The commonly used Diabetes UK and TREND 'Sick Day' guidelines suggest that βHB capillary levels measured below 0.6 mmol l⁻¹ are normal and should not give rise to concern, while levels between 0.6 and 1.5 mmol l⁻¹ indicate that more ketones are being produced than normal, and a further test should be carried out after 2 h. Values between 1.6 and 3 mmol l⁻¹ indicate there is a risk of developing DKA and additional correction doses of rapid insulin are required, while ketone levels above 3 mmol l⁻¹ require larger correction doses and to seek medical advice [10].
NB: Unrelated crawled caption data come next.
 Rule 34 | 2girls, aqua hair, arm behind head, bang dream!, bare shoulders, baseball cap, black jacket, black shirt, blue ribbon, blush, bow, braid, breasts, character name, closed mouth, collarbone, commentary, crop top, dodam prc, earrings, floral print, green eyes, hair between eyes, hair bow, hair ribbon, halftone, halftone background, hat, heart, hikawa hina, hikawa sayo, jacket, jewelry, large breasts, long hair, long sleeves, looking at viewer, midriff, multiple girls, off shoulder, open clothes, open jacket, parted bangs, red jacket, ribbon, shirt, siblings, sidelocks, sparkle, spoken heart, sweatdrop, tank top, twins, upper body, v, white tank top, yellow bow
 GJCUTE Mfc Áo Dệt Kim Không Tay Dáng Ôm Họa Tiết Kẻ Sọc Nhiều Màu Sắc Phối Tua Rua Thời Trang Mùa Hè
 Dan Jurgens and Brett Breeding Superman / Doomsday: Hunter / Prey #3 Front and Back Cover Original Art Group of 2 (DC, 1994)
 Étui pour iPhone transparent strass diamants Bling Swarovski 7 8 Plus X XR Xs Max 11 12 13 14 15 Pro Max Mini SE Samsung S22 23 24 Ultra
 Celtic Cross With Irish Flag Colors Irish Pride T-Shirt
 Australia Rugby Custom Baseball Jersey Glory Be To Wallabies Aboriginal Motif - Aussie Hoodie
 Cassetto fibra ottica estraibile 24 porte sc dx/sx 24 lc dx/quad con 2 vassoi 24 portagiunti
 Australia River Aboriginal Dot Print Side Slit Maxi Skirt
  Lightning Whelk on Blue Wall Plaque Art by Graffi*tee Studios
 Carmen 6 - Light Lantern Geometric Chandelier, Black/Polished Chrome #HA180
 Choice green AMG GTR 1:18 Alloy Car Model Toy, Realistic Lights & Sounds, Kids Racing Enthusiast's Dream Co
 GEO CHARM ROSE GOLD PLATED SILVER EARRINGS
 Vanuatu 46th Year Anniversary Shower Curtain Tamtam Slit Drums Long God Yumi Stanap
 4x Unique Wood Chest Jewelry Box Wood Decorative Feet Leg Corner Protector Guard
Measurement of breath acetone as an alternative to blood βHB could be attractive as a non-invasive method for early detection of ketone formation in type 1 diabetes. A small number of studies have examined this relationship quantitatively. One of the earliest investigations found elevated levels of both breath acetone and blood βHB in individuals admitted with DKA [6], with blood βHB levels measured up to 10 mmol l⁻¹, a factor of approximately 20 above normal levels. Breath acetone was seen up to 600 ppm: normal levels as discussed later are of the order of 0.5–1 ppm, showing the very marked increase in this breath constituent. In 1982 Owen et al published an important study of nine DKA subjects [11], measuring a range of parameters including all three blood ketones together with breath acetone. Blood βHB ranged from 6–18 mmol l⁻¹ with breath acetone between 50 and 350 ppm. Animal studies have also shown positive correlations: Sun et al found that breath acetone sampled from type 1 diabetic rats showed values which increased with blood βHB [12]. Correlations have also been explored for participants with type 2 diabetes [2, 13–15]. In one such study of 99 individuals grouped according to their urine ketone levels, it was found that the higher the average level of urine ketones, the higher the levels of both breath acetone and blood βHB [2], with values of the latter up to 3 mmol l⁻¹. Other investigations however have found correlations only at low acetone/βHB levels [14, 15], with only a weak correlation at higher levels (up to βHB concentrations at the dangerously high values of 6–7 mmol l⁻¹) [14].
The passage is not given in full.